I've found a problem in using AXIS together with HALUI, but it seems a general problem when two or more user interfaces are used the same time.
If I use HALUI excessively I've found that axis is blocked some times. Even more problematic for me is the fact that in some cases the HALUI action get lost. After investigating the involved code I've found the reason. I'll try to describe my thoughts:
The communication between UI and EMCTASK is done by shared mem buffers (cmd + status). If a command is issued, the command object is copied to the cmd buffer (including a command serial number). Then the sender (the UI) waits for the reception and optionaly for the completion of the command. The wait is relized by waiting for the appearance of the issued serial number in echo_serial_number of the status buffer. The serial number generator is local to the ui process and no sync methods (except from a semaphore on the buffer read/write functions) is involved. This causes two problems:
As I needed a quick (hopefully not (so) dirty) fix I've created a patch that allows to generate the serial number in an atomic way on the cms write and also configures emcCommand as a queue instead of a buffer.

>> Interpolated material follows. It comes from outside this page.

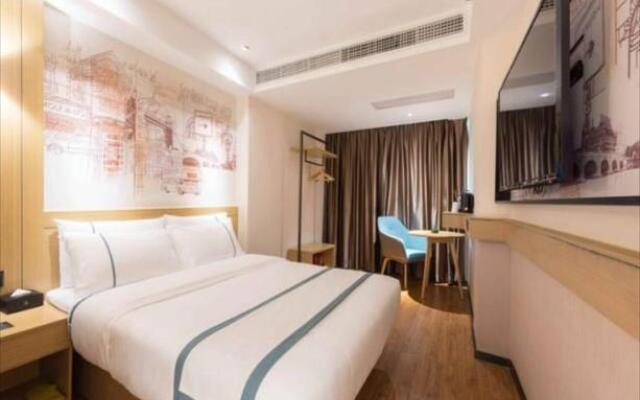City Comfort Inn Guangzhou Liwan Zengjiao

I will enjoy your feedback
Sascha
Sascha,
if your analysis is correct (and I do not doubt it is) your work identifies and removes a fundamental design defect from intertask communication in LinuxCNC.
I did run into the problem before in a different context: I tried to implement a remote procedure call over NML using the existing (fishy) interaction pattern, and that failed for the reasons you describe; at the time I did not drill down like you did - congratulations for the stamina in identifying and fixing this!

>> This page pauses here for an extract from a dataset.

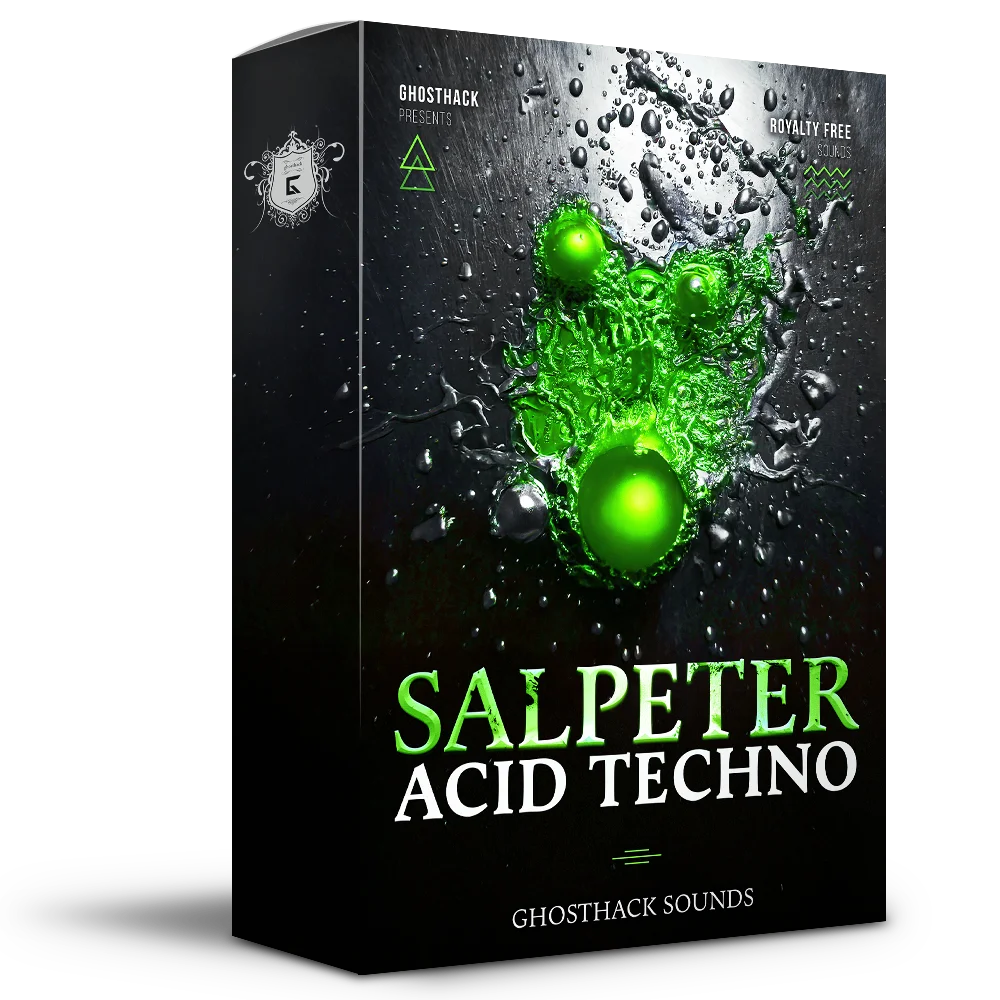 Salpeter - Acid Techno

To verify, is the scenario as follows?:
B's command gets executed and 'acknowledged'
If this is the case, then I would see more than option to address the issue:
I am positive you are onto something fundamental here. Before adopting the patch my suggestion would be:
we need to create a test case which identifies the current problem, even if only for regression tests. This might be a bit involved given all the moving parts. It might be easier to replicate the code sequence into small test programs and verify that the overwrite happens.

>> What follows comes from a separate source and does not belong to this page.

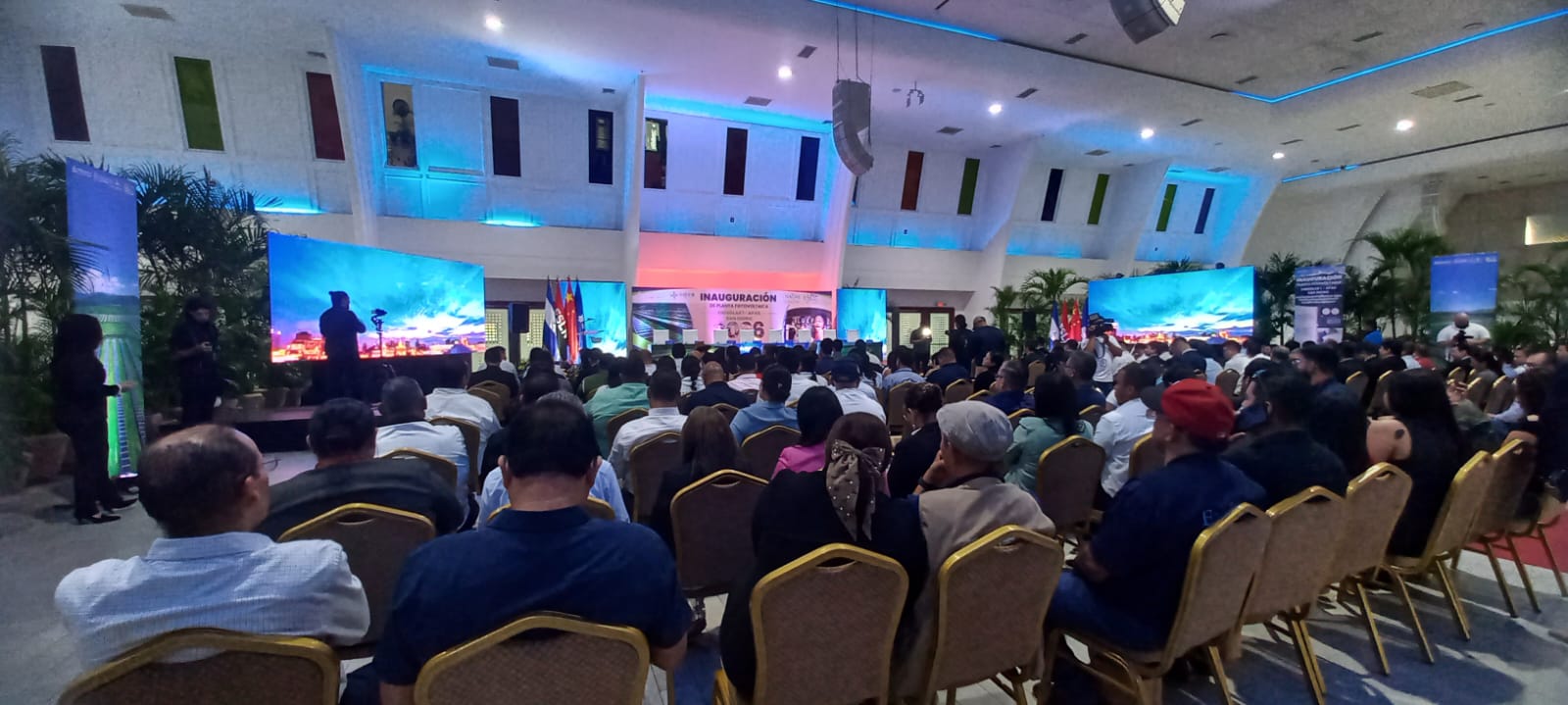 ENESOLAR 1 inicia operaciones y fortalece la generación de energía renovable en Nicaragua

the underlying problem is an unprotected write to a shared resource, and there might be more than one way to fix it (see above); it might make sense to adopt a method which is less of a wholesale change (I dont suggest it exists; just saying - it might make sense to investigate if there is a single fix to the issue at a different level)
Interested how you see this.
best regards, and congratulations
Michael
*) I would think the queue would protect against overwriting of commands alone; NB the possibly clash in non-unique serial numbers still exists: meaning the combination of single command buffer, write protect if command present, and serial/unique originator tuples might do the trick too. As a matter of style, I think your patch - making the command input a queue proper - is more up to the point though.
Hi Michael,
yes, the scenario you describe is correcet. But there is an other one:
That is the reason I've choosen a global serial number. In this case A+B can wait for a echo_serial_number >= local_serial_number (with respect to datatype overflow). But this is also a compromise since you can only get the error state of the last command.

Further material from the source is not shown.